TASK OBJECTIVE =>
When you reach the line with "Salon of SIMPLY", start repeating the lines exactly and keep going to the end of the records, but drop every picture.

[Recorded data]
###
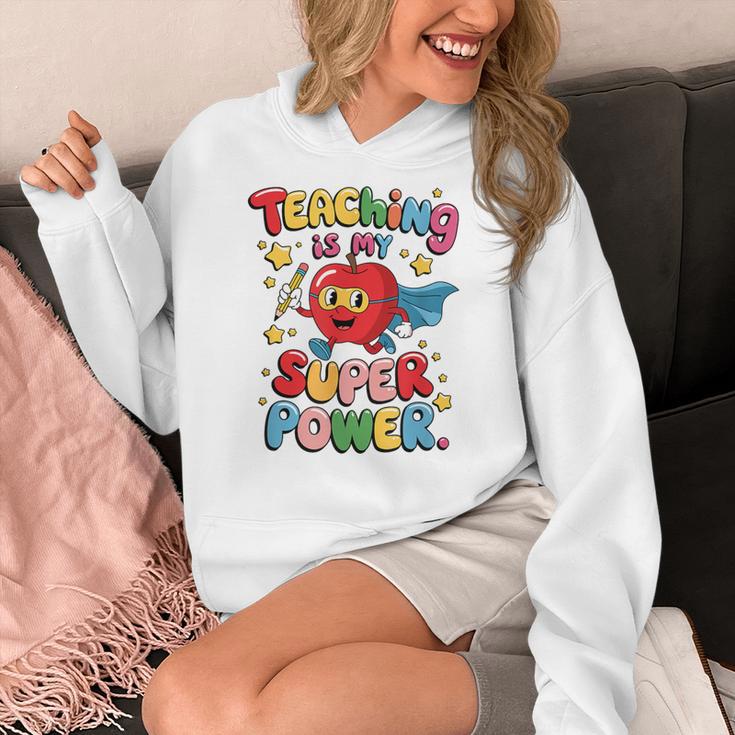 Retro Teaching Is My Superpower Apple Teacher Appreciation Women's Hoodie, funny design Retro Teaching Is My Superpower Apple Teacher Appreciation Women's Hoodie, funny design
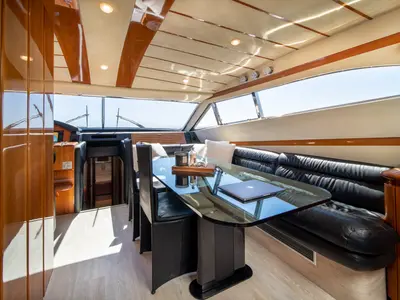 Salon of SIMPLY BRILLIANT, a Ferretti 68 yacht at Ornos, Greece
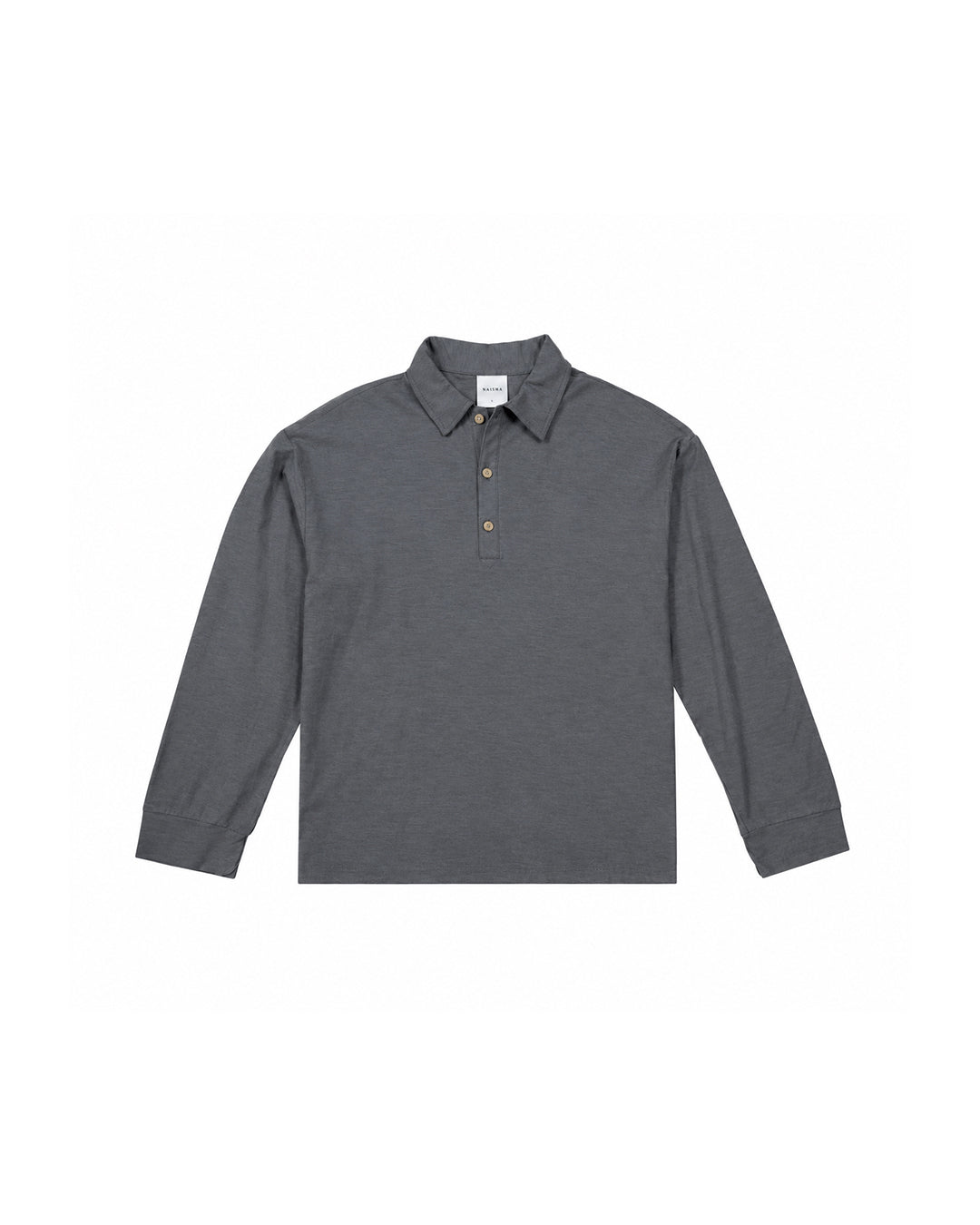 LONG SLEEVE POLO SLUB GREY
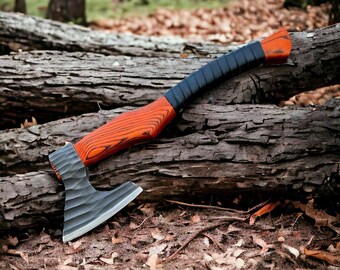 Custom handmade forged viking axe vikimg gift for father day Rocking Axe style gift for boyfriend Bushcraft Hatchet Camping Axe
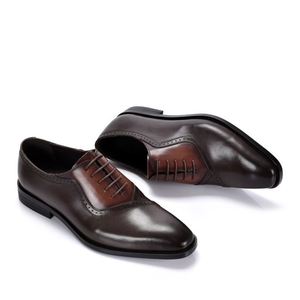 Zapatos Formales de Cuero Genuino para Hombre, Zapatos de Alta Calidad Hechos a Mano para Negocios, Bodas y Fiestas, Aumentan la Estatura, Impermeables y Transpirables - Product Image 1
###
EXERCISE OUTPUT =>
 Salon of SIMPLY BRILLIANT, a Ferretti 68 yacht at Ornos, Greece
 LONG SLEEVE POLO SLUB GREY
 Custom handmade forged viking axe vikimg gift for father day Rocking Axe style gift for boyfriend Bushcraft Hatchet Camping Axe
 Zapatos Formales de Cuero Genuino para Hombre, Zapatos de Alta Calidad Hechos a Mano para Negocios, Bodas y Fiestas, Aumentan la Estatura, Impermeables y Transpirables - Product Image 1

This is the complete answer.